FDA may revise approval path to avoid some procedures abused by pharmaceutical companies. 


On June 7, 2021, despite the almost unanimous opposition of the Peripheral and Central Nervous System Drugs Advisory Committee, the FDA still accelerated the approval (AA) of Biogen’s new Alzheimer’s drug, Aducanumab, as soon as the news came out caused great controversy.

Three members of the advisory committee resigned in protest of the decision, and the approval has since become the subject of multiple investigations by U.S. federal regulators, with multiple hospitals rejecting aducanumab, dimming its post-market sales.

At the same time, the AA of the FDA has also been questioned in the field. Some experts believe that the FDA puts supervision above science, which allows companies to exploit loopholes and may cause a series of adverse chain reactions.


Nearly a year has passed since the Aducanumab incident. On May 13, “Nature” commented again, after this controversial incident, will the FDA modify the “Accelerated Approval” (AA) path?


FDA may revise approval path to avoid some procedures abused by pharmaceutical companies

FDA may revise approval path to avoid some procedures abused by pharmaceutical companies


Doubts about AA

In May, The House Committee on Energy and Commerce, which oversees drug safety and biomedical research, announced that if a drug company failed to complete follow-up studies in a reasonable time, it wanted to grant the FDA a larger The power to withdraw drugs marketed through the AA.

The proposed provision, which is part of the FDA’s funding reauthorization bill, is expected to pass by September of this year.

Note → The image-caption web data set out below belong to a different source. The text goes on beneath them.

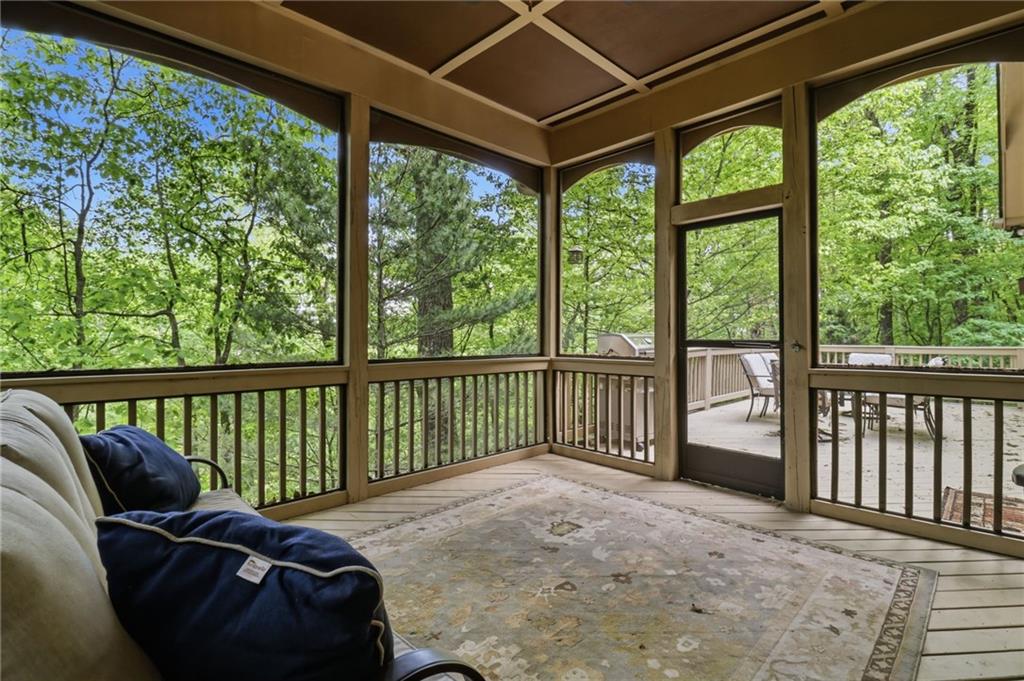 1105 Valley View Drive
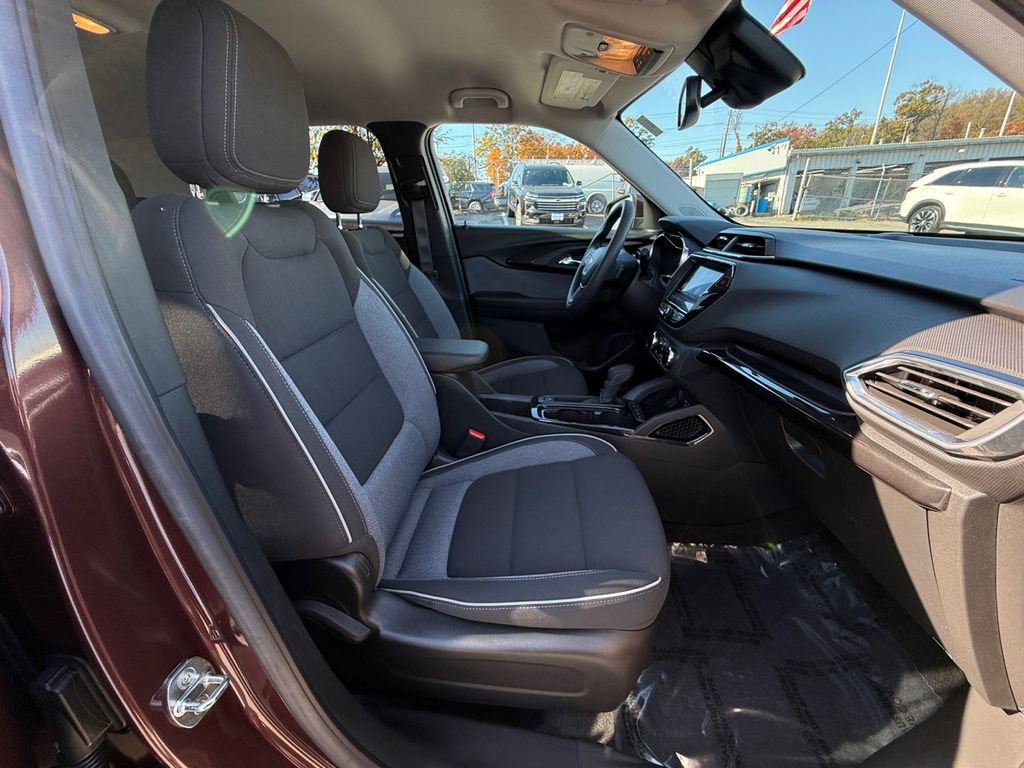 Used 2022 Chevrolet TrailBlazer LT w/ Convenience Package image 21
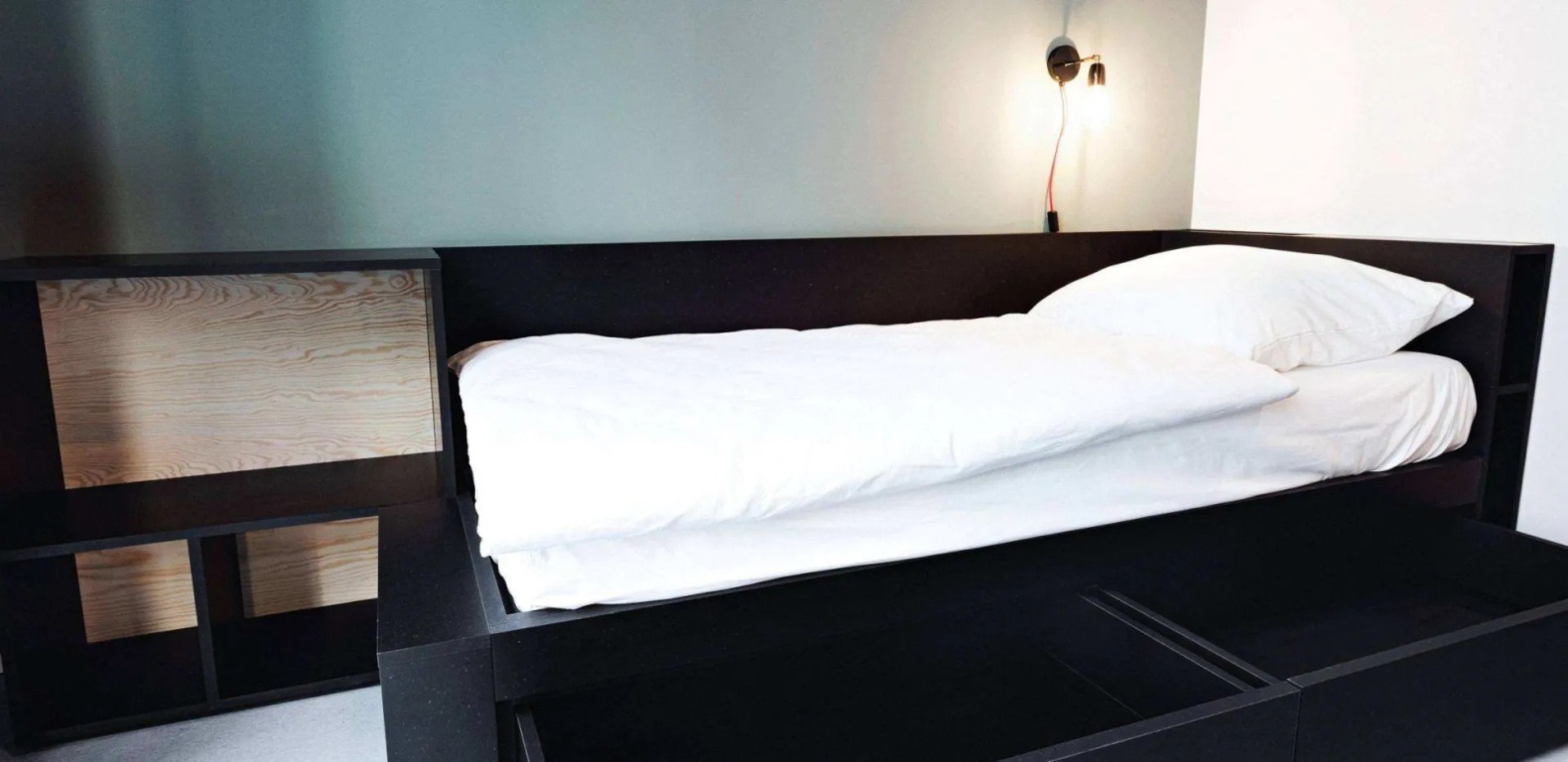 1 Room Flat Mitte Stralsunder Straße 14 - Bedroom area with bed and built-in storage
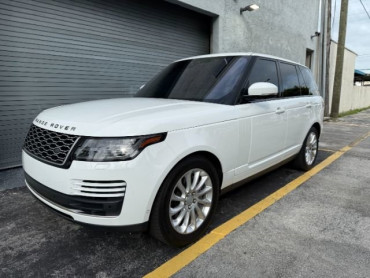 2018 Land Rover Range Rover 3.0L V6 Supercharged HSE 4D Sport Utility - 68659 - Image 1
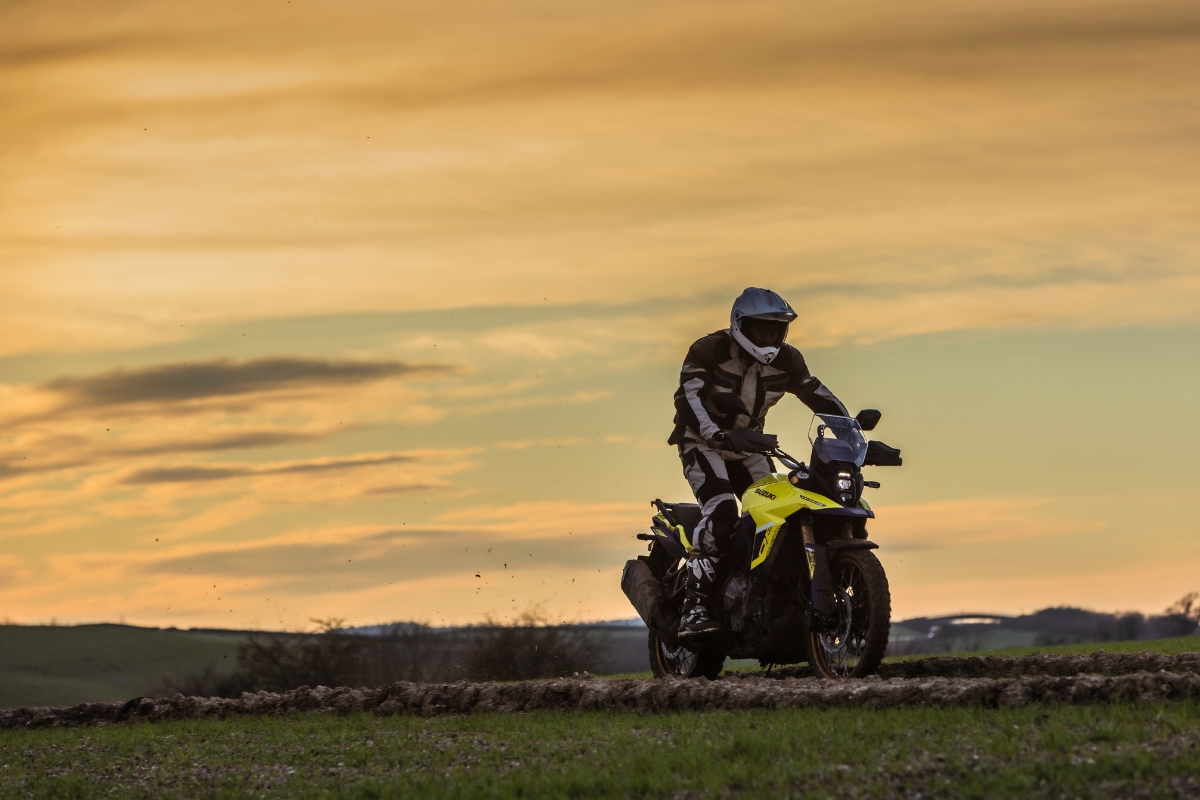 Nova Suzuki V-Strom 800: saiba TUDO sobre a moto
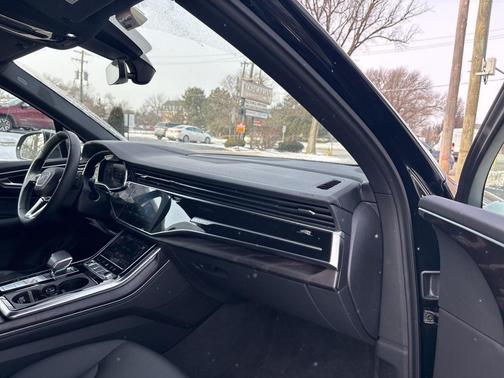 2023 Audi Q7 55 Prestige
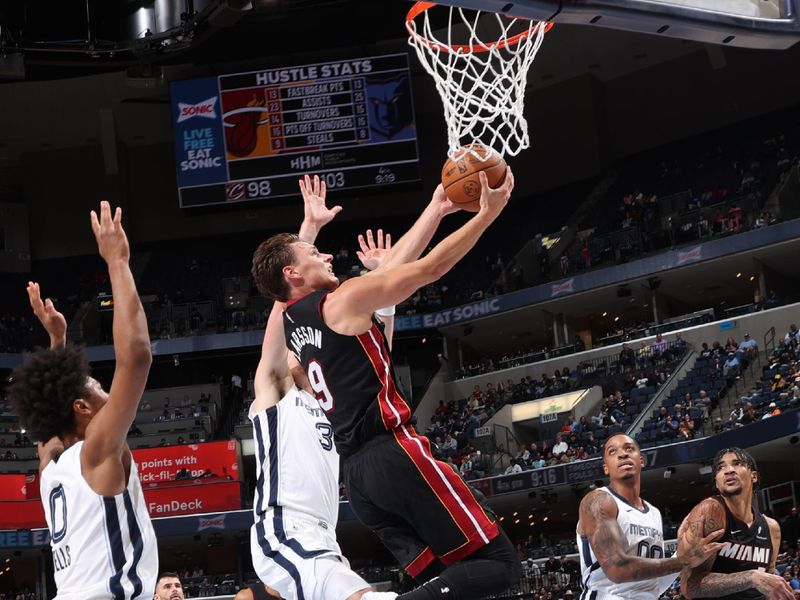 MEMPHIS, TN - OCTOBER 18: Pelle Larsson #9 of the Miami Heat shoots the ball during the game against the Memphis Grizzlies during a NBA pre season game on October 18, 2024 at FedExForum in Memphis, Tennessee. NOTE TO USER: User expressly acknowledges and agrees that, by downloading and or using this photograph, User is consenting to the terms and conditions of the Getty Images License Agreement. Mandatory Copyright Notice: Copyright 2024 NBAE (Photo by Joe Murphy/NBAE via Getty Images)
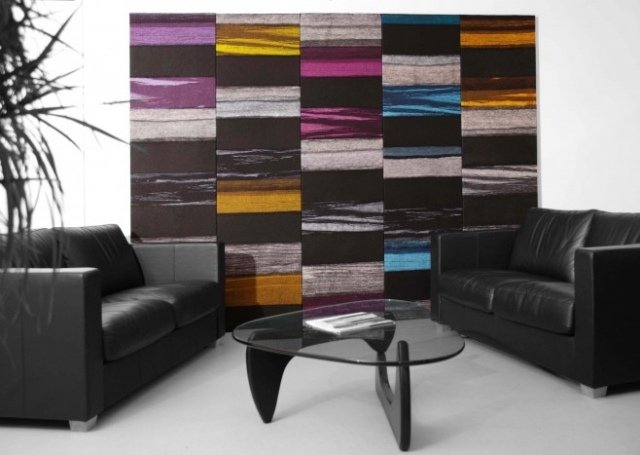 viacfarebné látkové nástenné panely do obývacích izieb hotelových foyer kožených kresiel Strata-Design-akustické panely-viacfarebná-aplikačná plocha-recepcia-čakáreň-foyer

The Aducanumab incident isn’t the only reason AA has come under fire. Since the inception of AA, 279 therapeutic drugs have been marketed through the AA pathway, and nearly two-thirds of drugs have been marketed through this pathway in the past 10 years (Figure 1).

Diana Zuckerman, president of the National Center for Health Research, a nonprofit organization in Washington, D.C., said: “The more common the pathway becomes, the more it’s intended to be changed. AA started as a special pathway for a few drugs, but now Most antitumor drugs go through AA or other accelerated approval pathways.”


FDA may revise approval path to avoid some procedures abused by pharmaceutical companies

Figure 1: Drugs marketed through AA (red for withdrawn approval, blue for conversion to full approval, orange for not yet converted to full approval)



Additionally, requiring follow-up studies is part of the AA pathway, but pharmaceutical companies have been slow to do so.

However, the FDA has limited power to mandate their data. The proposed legislation could give the FDA greater powers, although significant changes could still occur when passed by the House and Senate.


In February, FDA Commissioner Robert Califf pledged days before his appointment to make AA reform a priority for the agency.

Researchers interviewed by Nature also said that reforms are urgently needed to protect the integrity of the process, and the legislative proposal is a good start.

They also recommend stronger institutional oversight and other reforms to further prevent drug companies from abusing this route to market.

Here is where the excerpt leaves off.